American visual artist (1926–2024)

Philip Frederick Joseph Spanier (September 13, 1926 – April 28, 2024) was an American visual artist, bodybuilder and World War II veteran.

==Early life and education==
Spanier was born in Denver, Colorado on September 13, 1926. Spanier's artistic inclinations were evident from childhood, demonstrating skill in wood carving by the age of five. His early works included wood sculptures and later expanded to include clay modeling and fine drawing, demonstrating a layered approach to artistic expression. He graduated from Denver's South High School in 1943. After his graduation, Spanier joined the U.S. Air Force, serving initially in World War II and later in the Korean War as a B-29 flight engineer.

==Career==
After returning from Korea, Spanier took up bodybuilding, participating in competitions and earning accolades in events such as the "Mr. Colorado" contest.

After his military service, in 1953, he returned to Colorado to resume civilian life. During this time, he developed an interest in sculpting, creating pieces featuring figures such as Elvis Presley and the Beatles. His hobby gained some local media attention, notably with a sculpture of Liberace, which was featured on a local television station. His works are known for their vivid imagery and interpretative depth.

Spanier's art gained recognition in the art community, leading to his participation in the Los Angeles Art Expo in 1989. In 1995, he opened the Philip Spanier Studio Gallery in Denver's Belcaro-Cherry Creek area, with his collection becoming part of one of the largest private art holdings in the United States.
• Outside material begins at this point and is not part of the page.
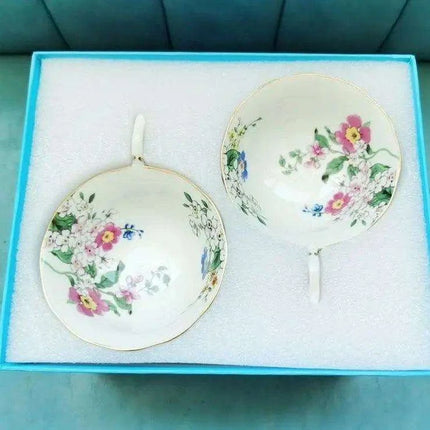 Opulent Midnight Blossom Crane Bone China Tea Set with Gold Accents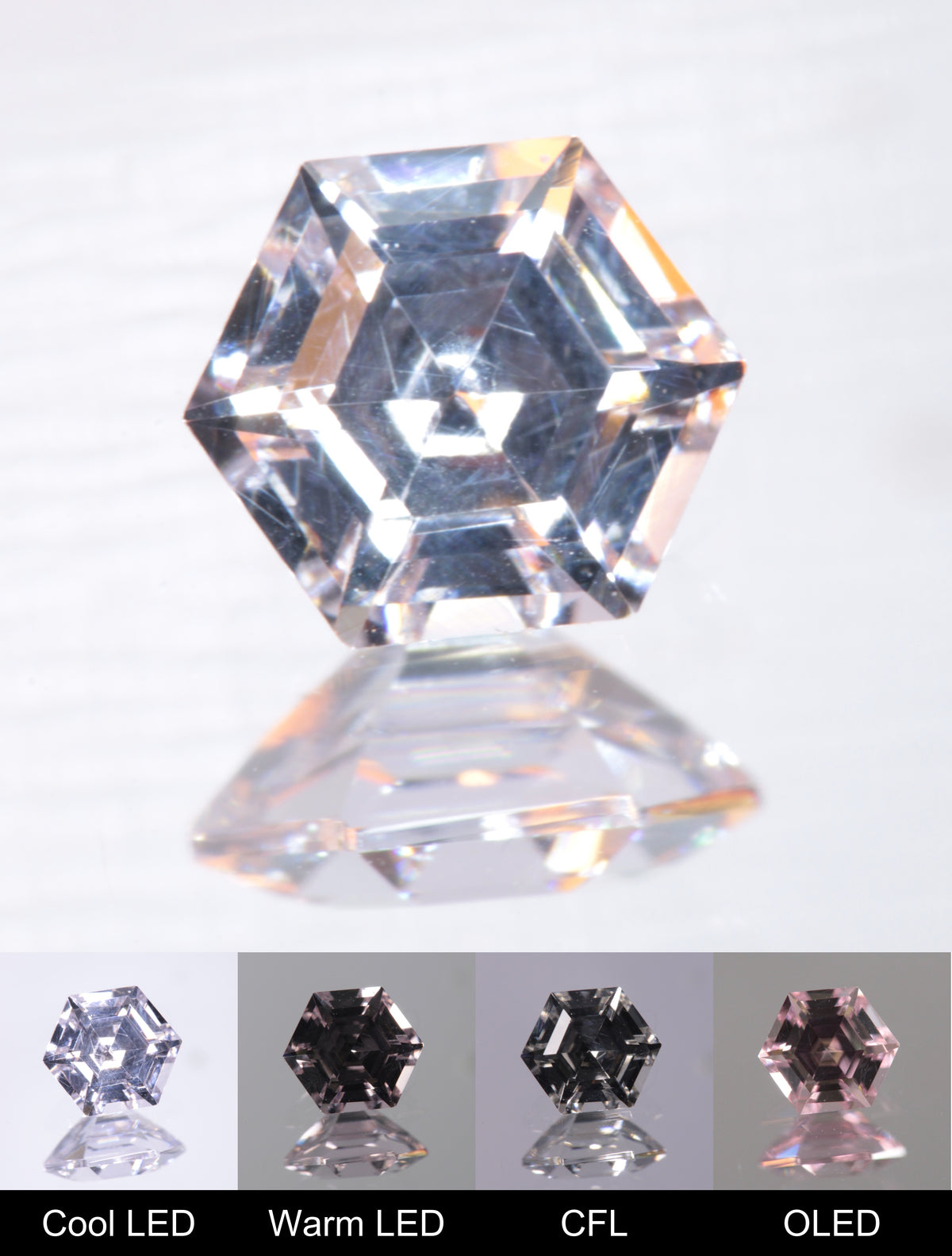 Dusk YAG Dusk Hexagon Faceted Gemstone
In 1999, his exhibition, ART TO GO: Sculptures by Phil Spanier, was showcased at the Prestige Imports showroom on West Colfax Avenue in Denver.

Spanier's approach to art, as he expressed in a televised interview, focuses on expressing thoughts and emotions through various mediums, from woodcarving to pen illustrations. He emphasizes the importance of art in enriching the human experience.

==Death==
Spanier died in Las Vegas, Nevada on April 28, 2024, at the age of 97.